Windows 8 Update: How can Microsoft manage its customer discontent?


Don’t call it a u-turn. Don’t call it a failure. And definitely don’t call it a crisis.
Microsoft is furious at the Financial Times for running a story about its imminent Windows 8 update earlier this week that it claimed represented “the biggest admission of commercial failure for a major product launch since “new Coke” was withdrawn 30 years ago”.
According to the FT, despite selling 100 million licences “interest in Windows 8 has flagged” and a new update called Microsoft Blue will be rolled out shortly that it speculates could restore the Start button and provide a “boot-to-desktop” option to bypass the new “unloved” tile-based interactive Windows 8 interface altogether.
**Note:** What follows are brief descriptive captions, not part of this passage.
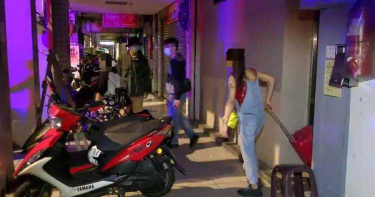 小時感冒變重聽!正妹當酒女狂被咔 慘淪萬華「1500快餐店」接客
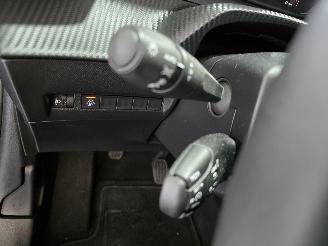Peugeot 208 1.2 PT picture 27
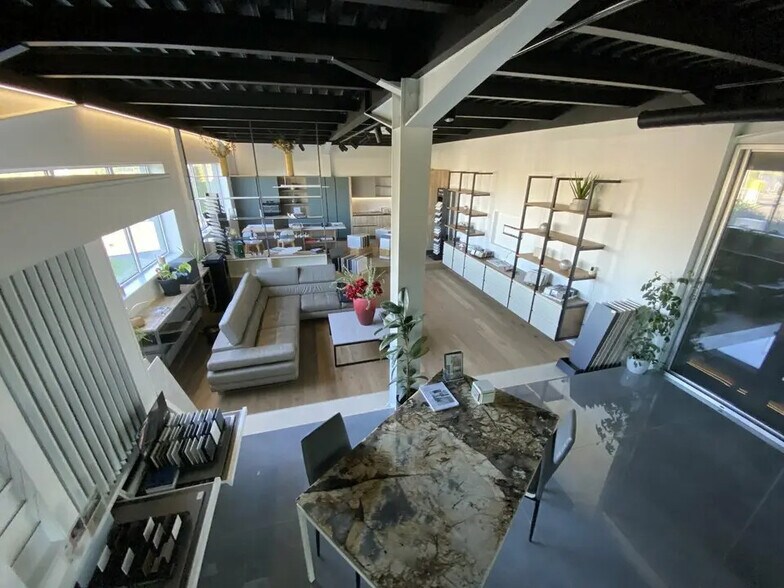 Flex in Viarmes for lease - Interior Photo - Image 3 of 27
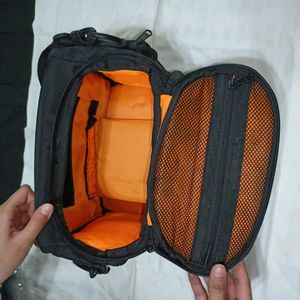 SONY LC-SC5 DSLR/SLR Camera Bag (Black and Orange
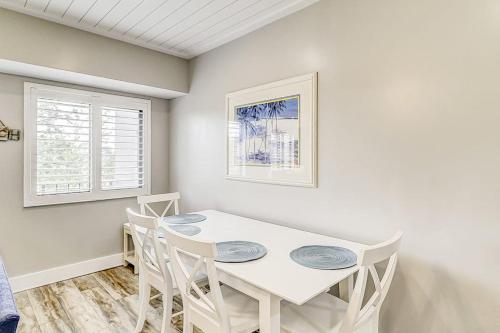 Forest Beach Villas 405 photo 6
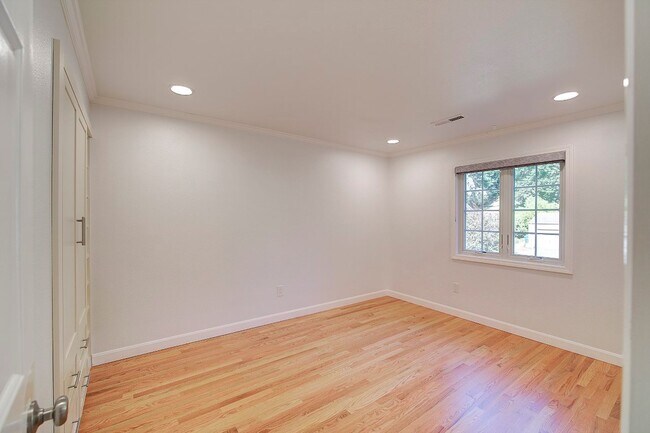 Building Photo - 4Bd/2.5Ba Mercer Island House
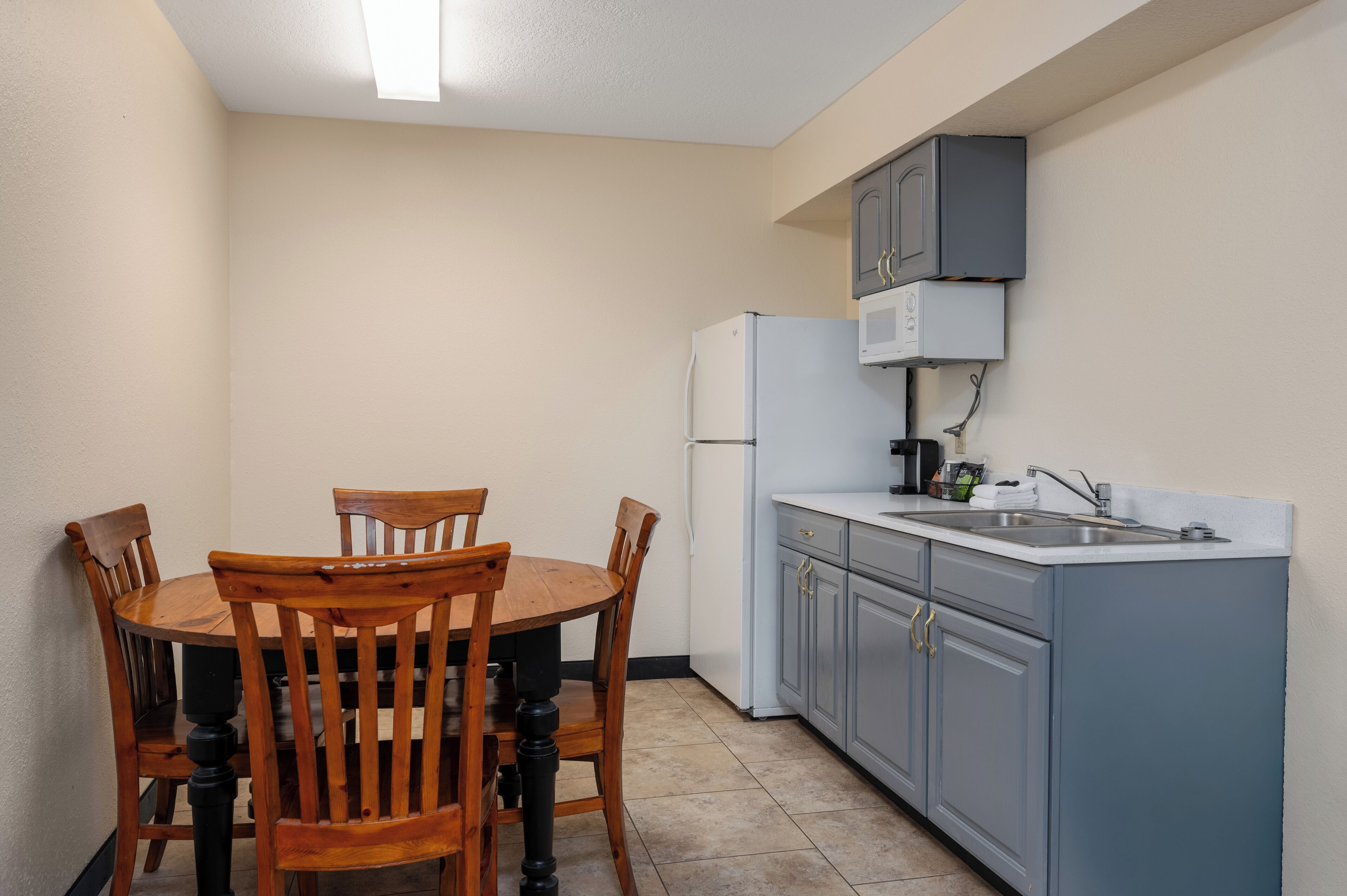 Habitación estándar, 2 camas Queen size, cocineta (Extended Stay Suite) | Cocineta privada | Refrigerador, microondas, cafetera y tetera y comedor 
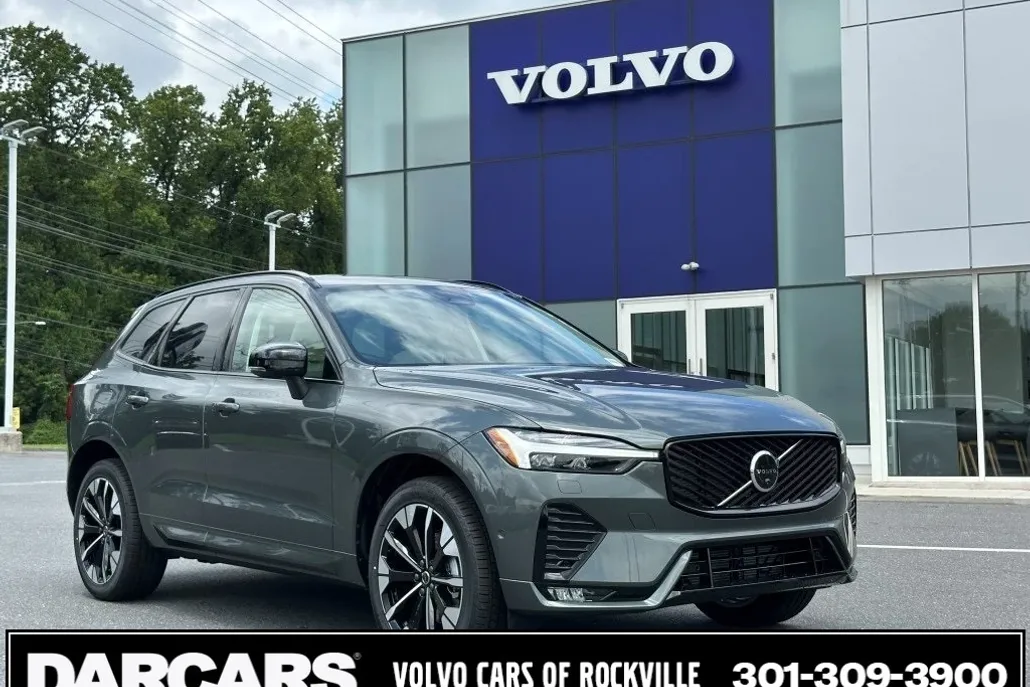 2026 Volvo XC60 B5 photo 1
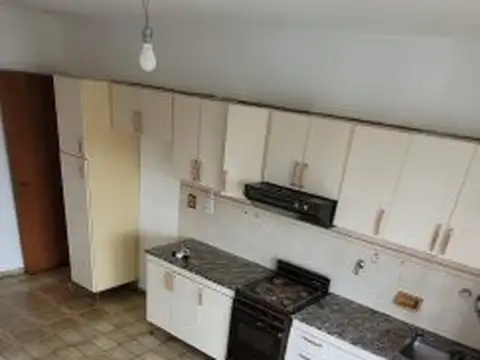 Departamento 5 ambientes con 2 baños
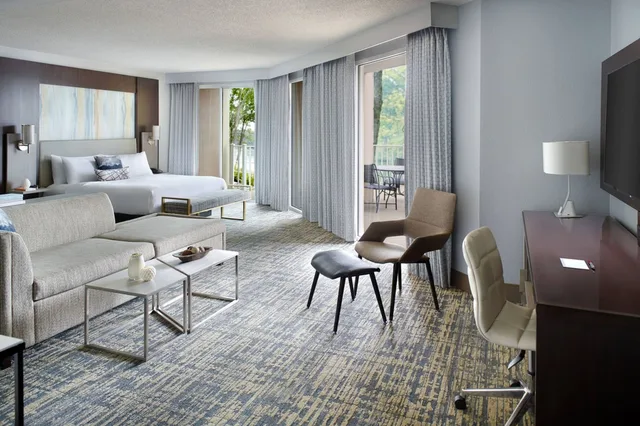 جناح بسريرين كينج بإطلالة على البحيرة مع أريكة، Atlanta Evergreen Lakeside Resort 2/3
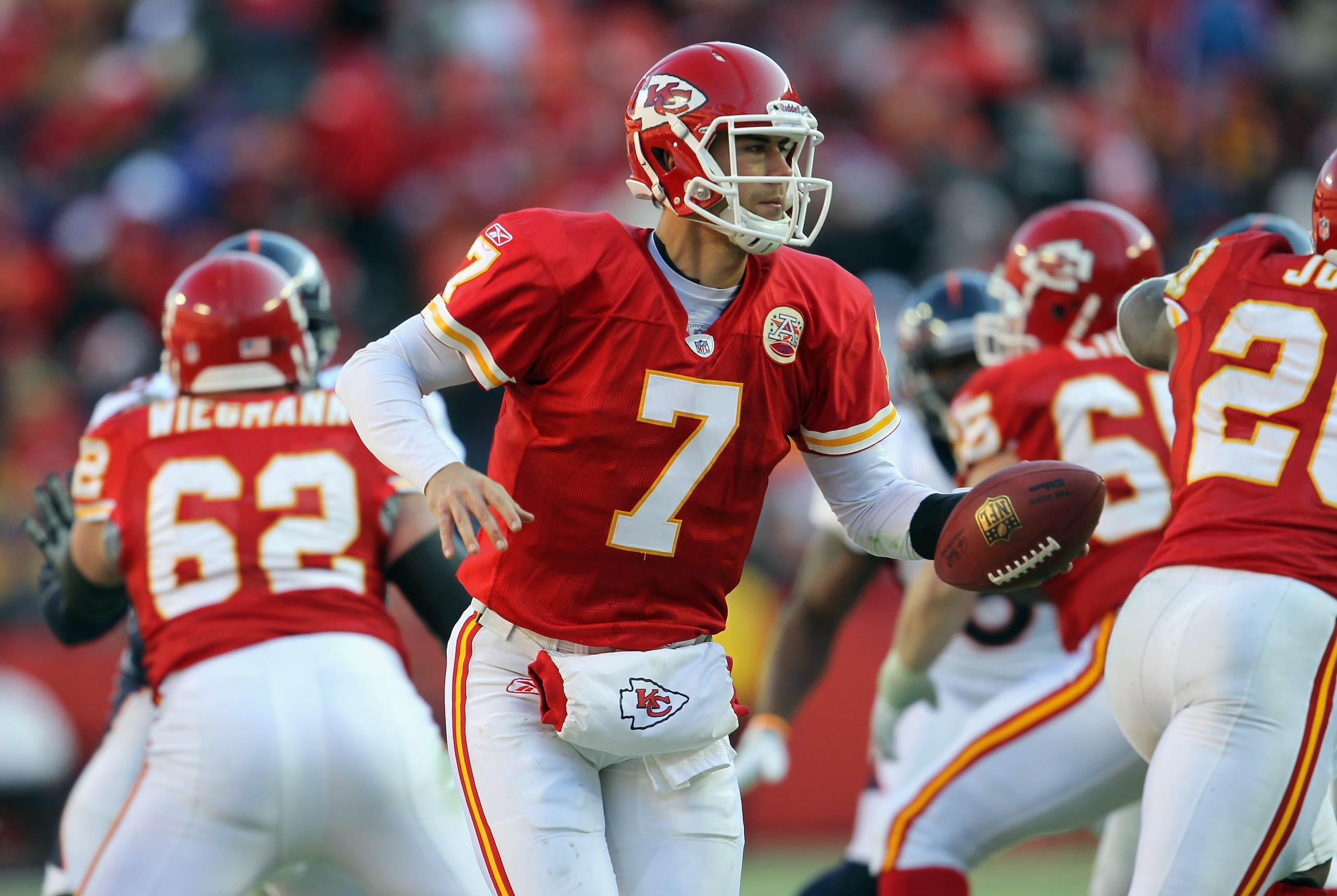 KANSAS CITY, MO - DECEMBER 05:  Quarterback Matt Cassel #7 of the Kansas City Chiefs in action during the game against the Denver Broncos on December 5, 2010 at Arrowhead Stadium in Kansas City, Missouri.  (Photo by Jamie Squire/Getty Images)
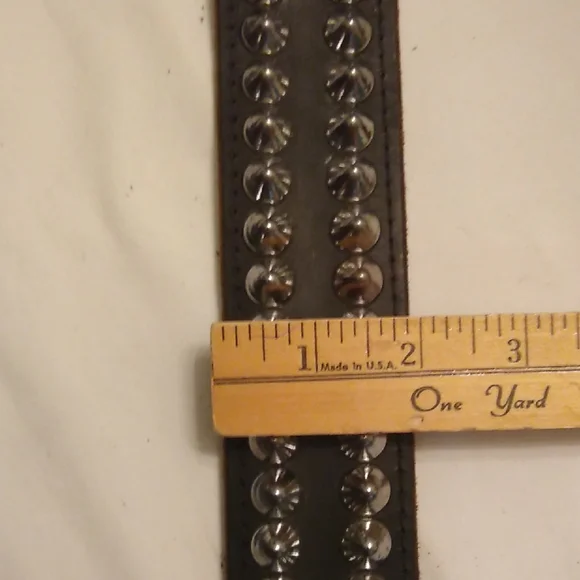 Studded Leather Collar - Picture 7 of 8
This has not gone down well with the Redmond-based software giant. And in an official statement, Microsoft said: “It is unfortunate that the Financial Times did not accurately represent the content or the context of our conversation about the good response to date on Windows 8 and the positive opportunities ahead on both Windows 8 and Windows Blue. Our perspective is accurately reflected in many other interviews on this topic as well as in a Q&A with Tami Reller posted on the Windows Blog.”

Daniel Todaro, MD at Gekko, adds: “Windows aren’t going to re-release the 7 OS; instead they’ll try to learn from their mistake and forge ahead. Blue is very specifically an update to what already exists (much like Windows 3.1 was once upon a time), not a regression. While it won’t be a full-blown u-turn from Microsoft, the urgency for a damage limitation exercise from Microsoft to prevent this from becoming a total catastrophe cannot be understated. The lesson that Microsoft has to learn (and quickly) is the basic art of change management. Microsoft tried to run before it could work, walk, likely scared into doing so by its late arrival to the established touch screen/tablet phenomenon. As a result, the rush to adapt its product to these trends saw Microsoft neglect the decades of brand equity they’d already built within the desktop space.
“The theory and ambition wasn’t by any means misplaced; risks need to be taken and change needs to be embraced in this sector. But people don’t like change! You have to manage the change process incredibly carefully, understanding every possible critique before it can be asked and preparing a readily available solution in anticipation. Windows 8 came along and consumers couldn’t understand how to use it, what the benefits were or even why they needed it. Unfortunately, they completely neglected to ease that transition, alienating millions in the process.”